I don't think I've ever seen so many police in one place at once -- not in Cambridge anyway, other than at animal rights demonstrations. The number seemed more appropriate for ensuring that demonstrators remained inside a `free speech zone' or outside an arms fair than for closing a pub early, even on a Saturday evening. The event which occasioned this police presence was not, as I had initially assumed, a tip-off that Osama bin Laden was out on piss or perhaps that the publican had hidden the Weapons of Mass Destructions behind the bar, but in fact the annual Midsummer Fair. Naturally the weather was lousy, so rather than entertaining themselves by trying to win coconuts or strapping themselves into one or other sort of centrifuge a hundred and fifty people had sensibly spent the afternoon in the pub, whence they were being ejected by PC Plod and his more menacing colleagues, some of whom were -- I kid you not -- festooned with Batman-style utility belts while others stood around filming the ejectees. I'm not sure whether this is a tactic to intimidate the mob, or if it's just a way to gather humourous material for the force's Christmas party.
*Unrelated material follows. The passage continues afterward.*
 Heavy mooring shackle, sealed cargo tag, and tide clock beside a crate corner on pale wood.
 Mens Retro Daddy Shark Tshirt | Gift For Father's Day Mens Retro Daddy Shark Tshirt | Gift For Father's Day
Anyway, this whole operation went off fairly successfully without any offences being committed, other than various crimes against good taste by some of the more ill-dressed fairgoers. To each their own, perhaps. Naturally the police all buggered off back to their cups of tea as soon as the revellers had been ejected from the pub onto the cold damp street, at which point they all started squabbling over taxis. Well, it's not as if anyone could have predicted that....
Now, I'm not really sure why anyone would want to read about this little episode; really I'm just sticking it up here by way of introduction for my advice that you should read The Policeman's Blog, an entertaining web log written by a serving police officer. Politically it is, shall we say, a little unreconstructed (perhaps I am mistaken in taking as unironic the praise lavished upon the work of Melanie Phillips by its author) but in any case I can recommend it highly. Just as splendid is The Brick Testament, a collection of Bible stories accompanied by excruciatingly faithful (and frequently explicit) LEGO illustrations. Tip thanks to Chris Brooke and apologies that I don't have a personal anecdote to introduce the link.
Comments
Posted by Roy Badami, Thursday, 9 September 2004 01:04 (link):
I don't think I've ever seen so many police in one place at once -- not in Cambridge anyway
I have. Coming back from a Calling-organized eighties night on a Friday. The centre of town on a Friday night at 2am had a quite significant police presence (I can't remember how many, but I'd guess it was more than your five). I was so taken aback by their presence that I asked them what was going on... Apparently it's just their normal Friday night presence to prevent trouble at club closing time...
-roy
Posted by Michael Brooke, Friday, 10 September 2004 14:33 (link):
I have too, courtesy of living in Brighton in September 1987, the site of the first Tory Party Conference since the Grand Hotel bomb three years earlier. Going into the centre of town even for basic shopping was so much hassle that I stopped bothering and just waited for them to leave.
Posted by Kevin Symonds, Sunday, 12 September 2004 18:33 (link):
You do get a lot of police around in Cambridge sometimes, admittedly not that often but pub sieges or knife wielding drunkards aren't unheard of.
When things do happen you get loasd swarming to one place and standing around like you mention.